Australia met almost 14.76% of its power needs through renewable generation in 2013, including hydro, according to the Clean Energy Council’s (CEC) latest annual review, released today.
The country added 705MW of renewable capacity last year – more than half of it thanks to the 420MW Macarthur Wind Farm – while the clean-energy sector attracted almost A$5.2bn ($4.9bn) of investment.
In total Australia had 3.24GW of wind and 3.3GW of solar in place by the end of 2013.
But the CEC warned that continuing the positive progress of last year is at the mercy of a government review of the RET underway this year, which is “creating uncertainty for the industry and eroding investor confidence”.
The Coalition government led by Tony Abbott will receive the findings of the review by the middle of this year.
Currently the RET mandates that 20% of Australia’s power should come from renewables by 2020, with a 41TWh annual generation goal from large-scale renewable sources.
Critics within the Coalition want to see the target watered down or even scrapped. But the CEC claims that power prices will actually be lower with the RET intact, as renewables would replace increasingly costly gas supplies in Australia's mix.
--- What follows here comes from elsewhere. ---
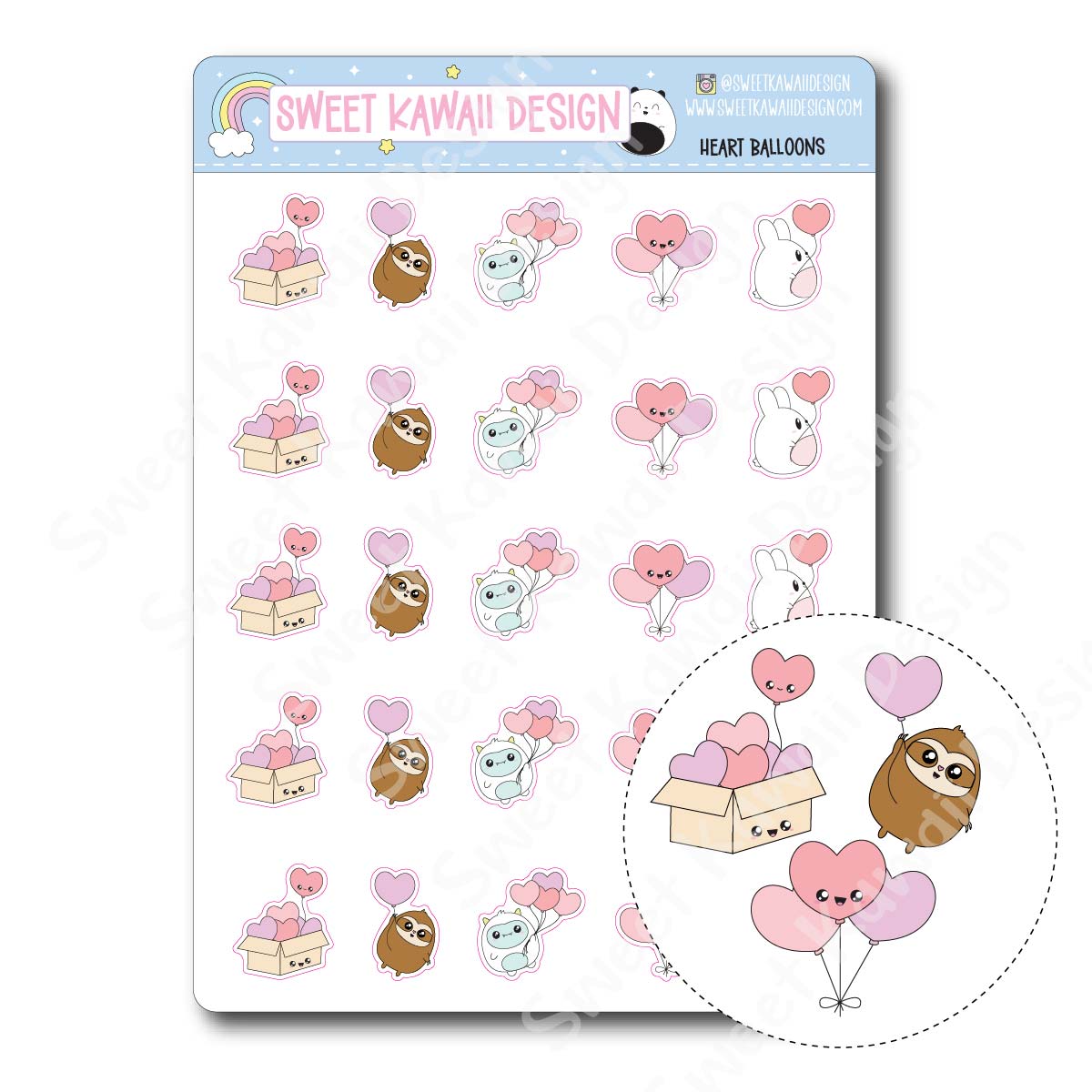 Kawaii Heart Balloon Stickers – Sweet Kawaii Design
The RET is one of a series of measures that a few years ago propelled Australia into the front rank of renewables-friendly policy globally.
Abbott’s government has already laid plans to curtail the Australian Renewable Energy Agency (ARENA) and put A$1.3bn ($1.22bn) originally earmarked to support clean-energy projects back into the nation’s general spending pot.
It also wants to repeal the nation’s carbon pricing scheme, leading major global investors such as First Solar to warn that their plans in the country are being undermined by the policy upheavals.